Today’s project dates back to 1910. We framed three very dear items for Mary of Holland, Pa. The Chicago Kindergarten College certificate and photograph had been previously framed and had sadly suffered damage due to improper framing materials. We scanned the photo, fixed the imperfections digitally and made a new copy for this project. We used the original certificate, covering the discoloration with the oval mat. We sewed the ring to the backing board so if needed, it would be in it’s original condition.
The frame’s pattern mimics the flourishes of the Copperplate pen and ink writing. The warm tones of the mat and frame work well with the three items. Having a three dimensional object in the frame makes the project come alive. Do you have an idea? We are happy to help! Stop by the Gallery to see similar projects.

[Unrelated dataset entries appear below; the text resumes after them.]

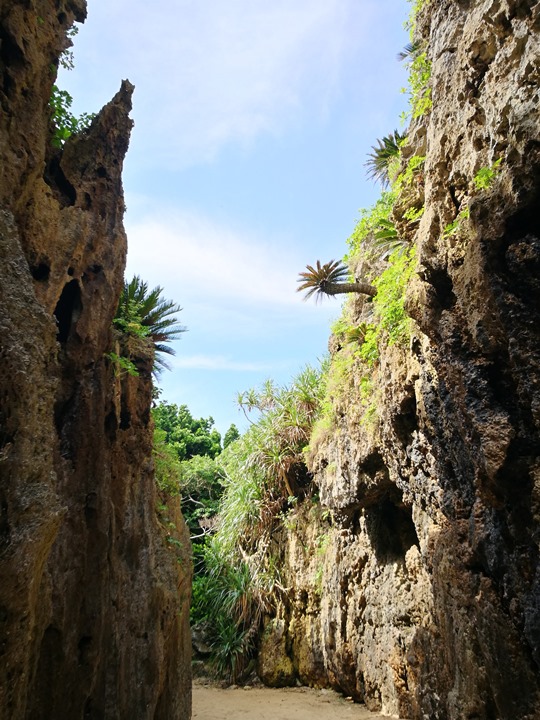 bisenowarumi010105 Okinawa-備瀬のワルミ備瀨一線天 通往聖地的入口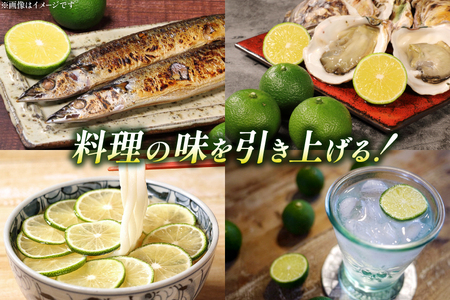【期間限定発送】 訳あり  採れたてへべす 5kg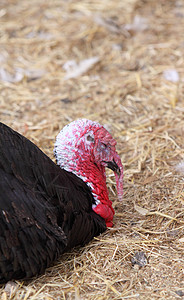 火火鸡庆典动物黑色干草农家院红色食物羽毛农场稻草背景图片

This photo reprint of the USS Rawlins was recently framed to celebrate a 90th birthday for a sailor who served on this ship in the South Pacific during WWII. We were asked to include the ribbons of this very young sailor who was anxious to join the war.
We love the patriotic colors and we thank this fine soldier for protecting our country!
A few months ago we worked on an interesting project of framing many snapshots for a new resident of a nearby independent living community. She stopped by the shop with a very large folder of her favorite photos. There were dozens of images spanning many decades! It took a while but we narrowed them down to make two pleasing arrangements. Each photo was meaningful and would bring joy. The framing was exactly to her specifications to fit in two places in her living area.
We had several challenges. We had to select from so many important photos. Also we had to keep the size to a minimum. All of the photos were from different time periods so nothing matched. All of the photo sizes were unique making layout a challenge.
The end result was perfect and we are delighted to preserve these memories for a resident new to the area.